Saturday, June 7, 2008

Burma: Than Shwe 'ordered troops to execute villagers'

June 7, 2008
Richard Lloyd Parry, Asia Editor
Times Online

The leader of the Burmese junta, Than Shwe, personally ordered the murder of scores of unarmed villagers and Thai fishermen, according to a senior diplomat and military intelligence officer who defected to America.

Aung Lin Htut, formerly the deputy chief of mission at the Burmese Embassy in Washington, described to a radio station how 81 people, including women and children, were shot and buried on an isolated island after straying into a remote military zone in the southeast of the country in 1998.

After one general hesitated to kill the civilians, fearing that the commander who had given the order was drunk, he was informed that it came from “Aba Gyi” or “Great Father” – the term used to refer to Senior General Than Shwe, the head of the junta.

A few days later troops from the same military base captured a Thai fishing boat that had strayed close to Christie Island in the Mergui Archipelago. The 22 fishermen on board were also shot and buried on the island. “I was a witness to the two incidents in which a total of about 81 people were killed,” Mr Aung Lin Htut, formerly a major in military intelligence, told the Burmese language service of Voice of America. “All of them were unarmed civilians.” In 46 years of military rule in Burma, there have been numerous reports of grave human rights violations but few have been attested by so well placed a source as Mr Aung Lin Htut. They come at a time when General Than Shwe and his regime are coming under scrutiny, after their refusal to allow a full scale relief operation for the victims of Cyclone Nargis.

The French Government has said that it comes close to being a “crime against humanity”, and last week Robert Gates, the US Defence Secretary, called it “criminal neglect”. If a tribunal like the ones established for Rwanda and the former Yugoslavia is ever created for Burma, then Mr Aung Lin Htut will doubtless be called to give evidence.

He sought asylum in the US in 2005, along with six members of his family, after a purge against the country’s prime minister and intelligence chief of the time by General Than Shwe destroyed the careers of a generation of intelligence officers. Given the control of information in Burma, his account is impossible to verify. But it has credibility because it is the first time since his defection that Mr Aung Lin Htut has made any public comment on his former masters.
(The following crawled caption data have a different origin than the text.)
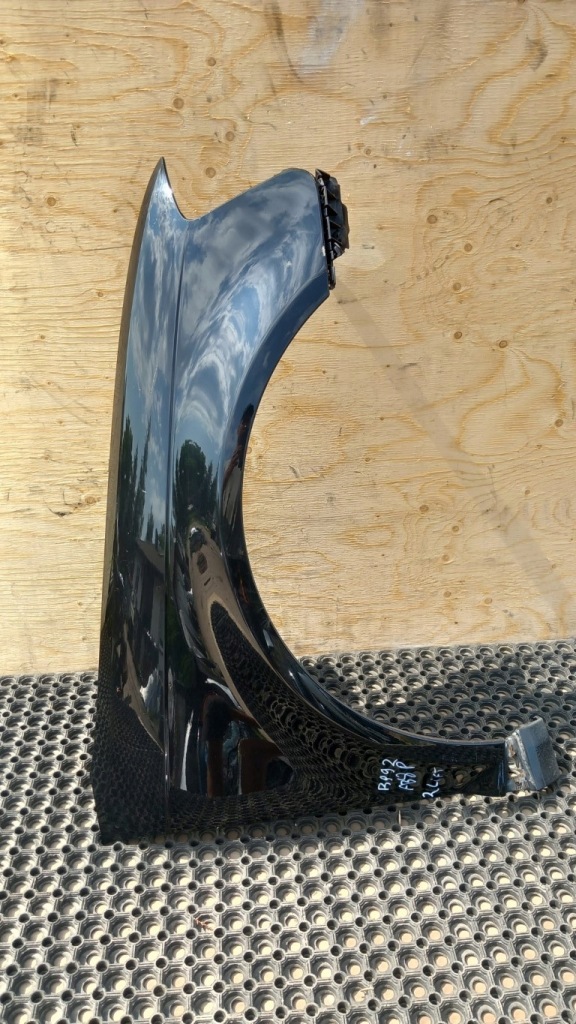 фото №1, Audi a3 8p lift крила перед правий ly9b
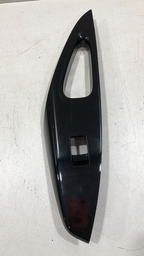 Moldura Comando Vidro Traseira Esquerda Corolla Hybrid 2024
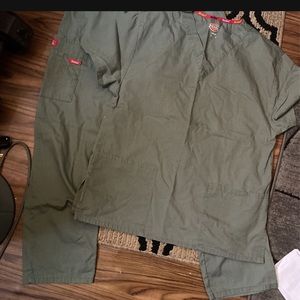 Dickies scrub set olive green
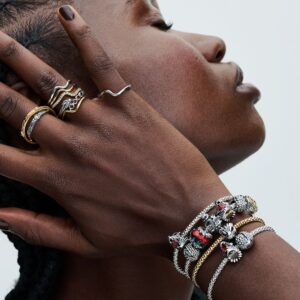 Q124_B_PDP_Model_Styled_01_1x1_RGB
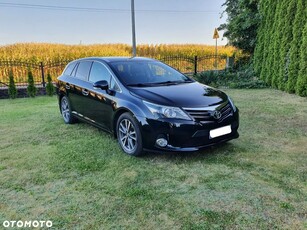 Używany Toyota Avensis 2012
In May 1998 he was stationed on Zadetkyi island, a frontline base close to Burma’s maritime border with Thailand. The commander of the base was Colonel Zaw Min, who is now Minister for Electric Power and general secretary of the Union Solidarity and Development Association, the junta’s grassroots organisation.

A unit led by the colonel landed on Christie Island and found 59 people living there to gather wood and bamboo, in violation of Burmese law. The order came back from headquarters that they were to be “eliminated”.

Myint Swe, an air force general, said that he was a religious person, and that the matter should be handled delicately. He said that he was very concerned by the timing of the elimination order – just after lunch, a time when General Maung Aye, now the number two in the junta, was usually drunk.